They, like everyone else likes to have diversity of supply to ensure they have a competitive price. It's great to look at that differential that you just mentioned, but you also got to consider with a discount, especially in some markets like Illinois, where it's very competitive, we have to discount away a lot of that, that benefit, because everybody does it and everybody's giving the marketers, or trying to squeeze out a $0.01 or $0.02 of margin over and above what they would get on the gasoline. It's a big part of our business, you're right. But maybe not as big as you might expect, given the competitive pressures to sell ethanol.
Operator
And next we'll hear from Mark Flannery with Credit Suisse.
- Analyst
Thanks very much, and good luck, Ken. We're going to miss you.
- VP IR, Public Affairs
Thank you.
- Analyst
And I hope Howard can keep ourselves in line there without your guiding hand. My question is to Gary Heminger on the Detroit project. Gary, how, how confident do you feel in the pricing, the capital pricing for this project, $1.9 billion is a reasonably large amount of money, but we've seen these kinds of numbers get a lot bigger, a lot, you know, a lot quicker than people expected, naming no names around the sector. So have you done a lot of detailed work there on how much the coker will cost today and not just sort of roll things forward from Garyville? Could you just--
- EVP - President Refining, Marketing, Transportation
Yes, Mark, we have. Just as we did the Garyville project, we've gone through a very detailed feed process and we have not hurried the feed.

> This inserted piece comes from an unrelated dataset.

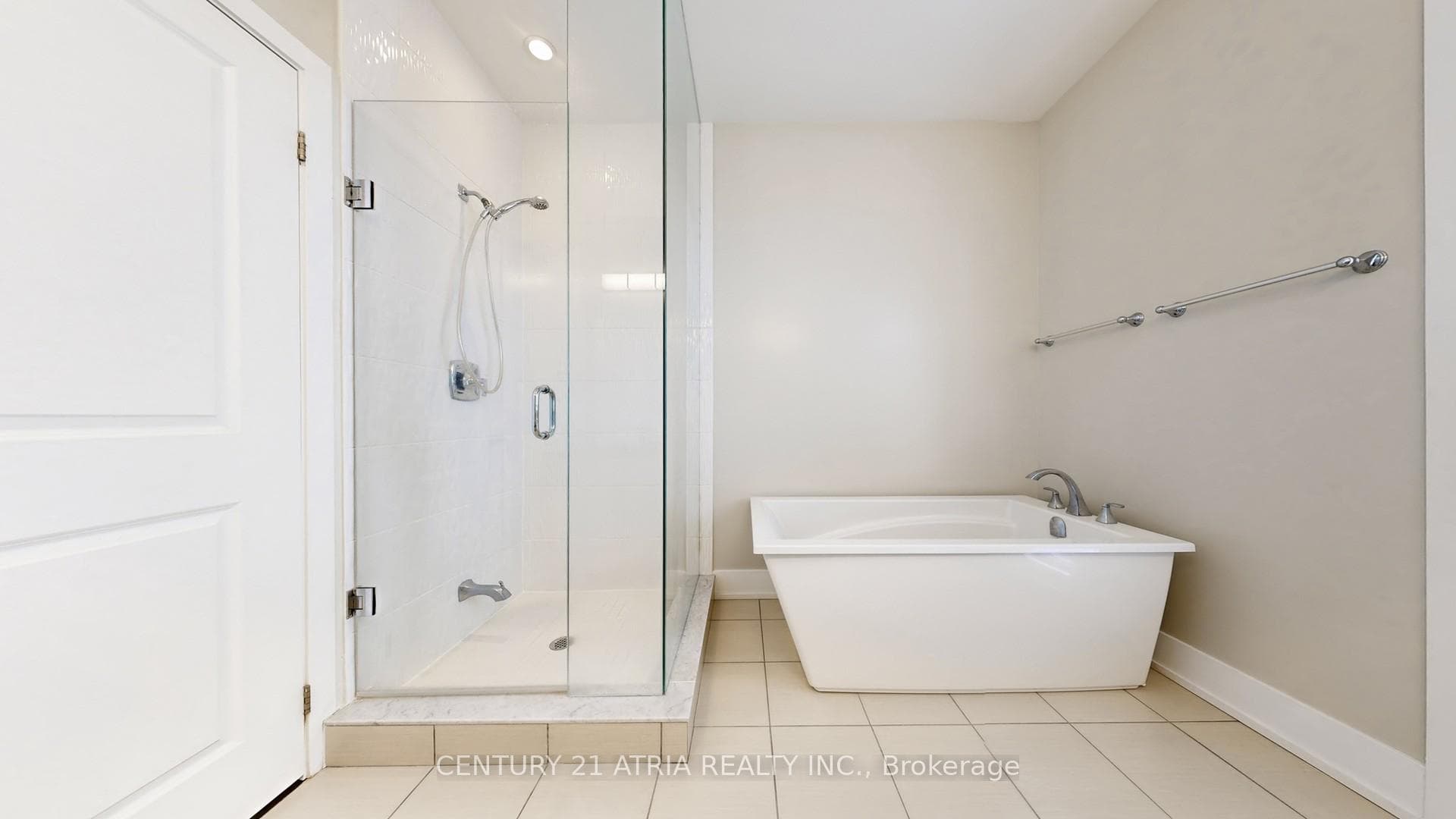 15 Thorncrest Drive photo 42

We have stayed right in line with Flor, who is our lead contractor and a very large team of Marathon engineering staff that, very similar to the way we did Garyville as we followed through the process. And then as we, we've tested the market in and around the Midwest, where we will pull the pipe fitters, laborers and welders to be able to do this work and like Garyville, we went out and procured some of the long lead equipment such as the coker some, of the heavy wall, vessels that are required, and some piping as well. So we feel very comfortable with where we sit on this project and we've also had a very renowned third party audit this, this number to make sure that we're comfortable as well.
- Analyst
I guess my follow-up there is, could you give us some idea of how much of the $1.9 billion will be equipment and sort of stuff and how much will be labor?
- EVP - President Refining, Marketing, Transportation
Let me break it down this way for you a little bit. About $150 million of the $1.9 billion will be pipeline and some off-site connections that we're going to have to make within the pipeline. So that leaves about $1.750 billion for the pipeline. Excuse me. I'm sorry, for the refinery project. The new construction versus the revamp is probably the best way to be able to answer that, Mark.
About $1.2 billion will be for new construction, which will be the vessels, piping, and pumps compressors, so forth. And about $600 million or so will be for revamp work. Revamp work, of course, will take more labor. I can get back to you. I do not have a, the breakdown of how many hours for each and I can have Howard get back to you at a later time, Mark.
- Analyst
That's great. That's good enough for now. Thank you very much.
- EVP - President Refining, Marketing, Transportation
All right.
Operator
Next we'll hear from Nicki Decker with Bear Stearns.
- Analyst
Good afternoon, Ken, congratulations, best wishes. Thanks for everything.
- VP IR, Public Affairs
Thank you.
- Analyst
Just continuing on, on Detroit, Gary, you talked about the pipeline. Is this the pipeline that connects the refinery to the heavy crude infrastructure?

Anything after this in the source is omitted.